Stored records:

--------------------

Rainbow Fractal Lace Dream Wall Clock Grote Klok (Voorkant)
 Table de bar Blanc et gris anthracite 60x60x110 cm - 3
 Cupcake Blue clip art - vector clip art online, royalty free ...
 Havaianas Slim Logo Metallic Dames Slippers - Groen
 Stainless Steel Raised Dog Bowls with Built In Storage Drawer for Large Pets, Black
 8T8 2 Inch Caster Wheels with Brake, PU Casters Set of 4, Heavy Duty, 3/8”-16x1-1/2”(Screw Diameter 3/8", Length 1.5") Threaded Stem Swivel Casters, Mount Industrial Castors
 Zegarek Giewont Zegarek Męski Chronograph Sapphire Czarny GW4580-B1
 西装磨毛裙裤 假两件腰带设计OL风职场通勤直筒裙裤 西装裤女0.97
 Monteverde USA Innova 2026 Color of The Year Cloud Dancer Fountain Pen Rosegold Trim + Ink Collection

--------------------

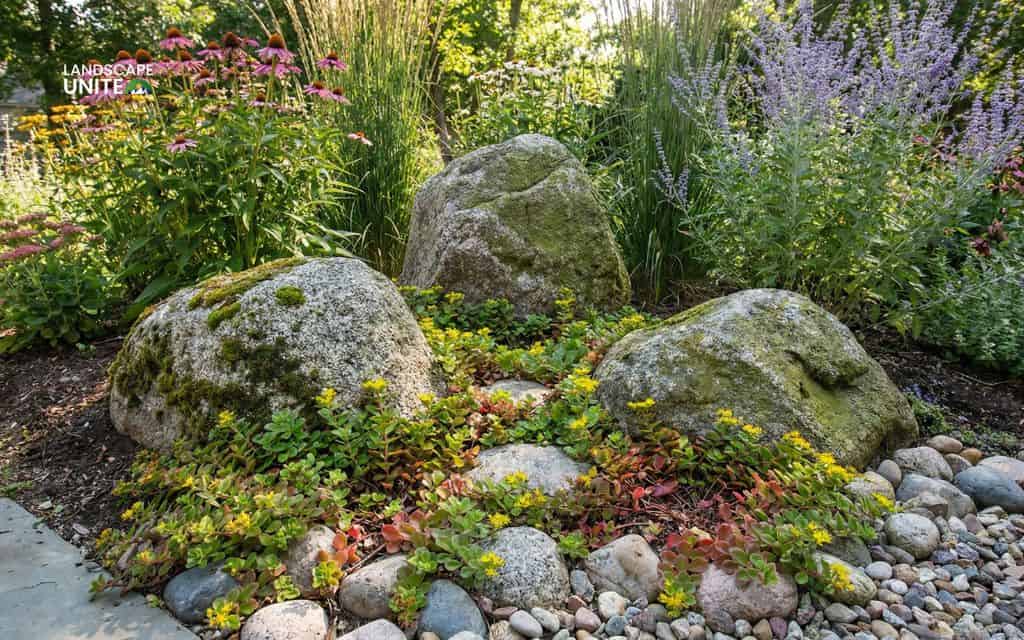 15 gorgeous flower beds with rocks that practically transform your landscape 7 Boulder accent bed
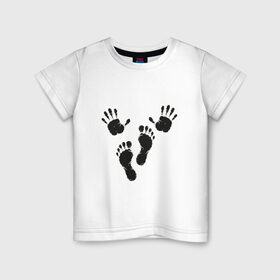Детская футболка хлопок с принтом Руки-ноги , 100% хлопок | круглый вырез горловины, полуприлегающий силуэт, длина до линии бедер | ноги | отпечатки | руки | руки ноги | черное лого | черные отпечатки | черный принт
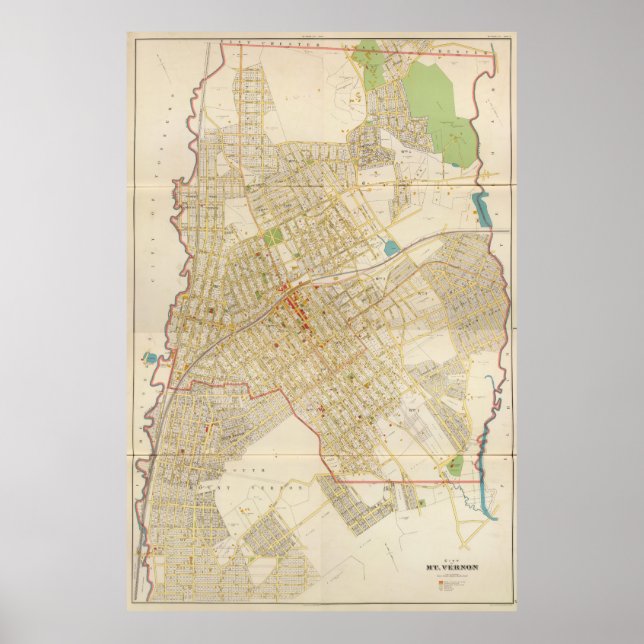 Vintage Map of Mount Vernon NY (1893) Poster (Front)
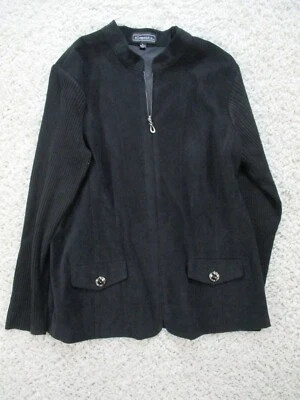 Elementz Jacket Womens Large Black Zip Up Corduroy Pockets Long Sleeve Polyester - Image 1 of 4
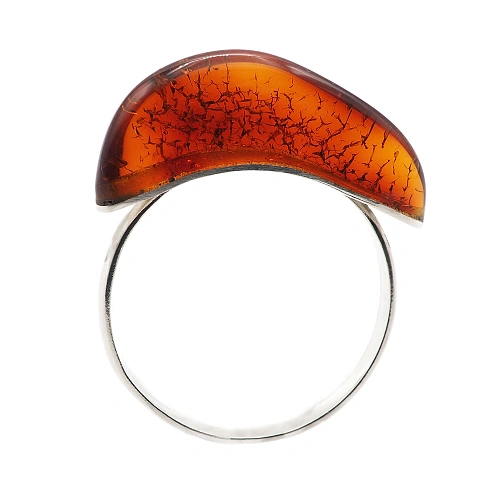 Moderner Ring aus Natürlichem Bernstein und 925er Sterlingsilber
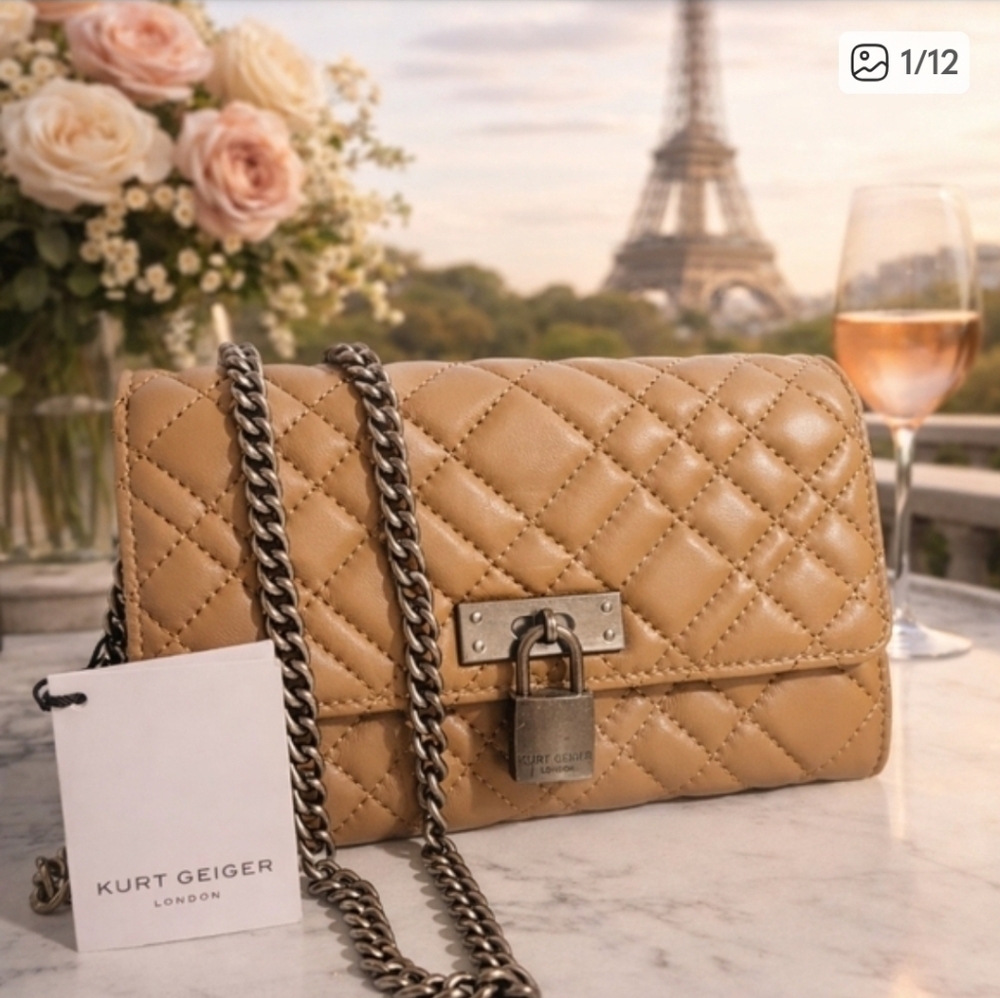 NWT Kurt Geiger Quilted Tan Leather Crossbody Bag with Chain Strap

--------------------

Required action:
Among the lines above, repeat exactly those from the line with "Rainbow Fractal Lace" to the line with "Havaianas Slim Logo", counting both ends.

Expected output:
Rainbow Fractal Lace Dream Wall Clock Grote Klok (Voorkant)
 Table de bar Blanc et gris anthracite 60x60x110 cm - 3
 Cupcake Blue clip art - vector clip art online, royalty free ...
 Havaianas Slim Logo Metallic Dames Slippers - Groen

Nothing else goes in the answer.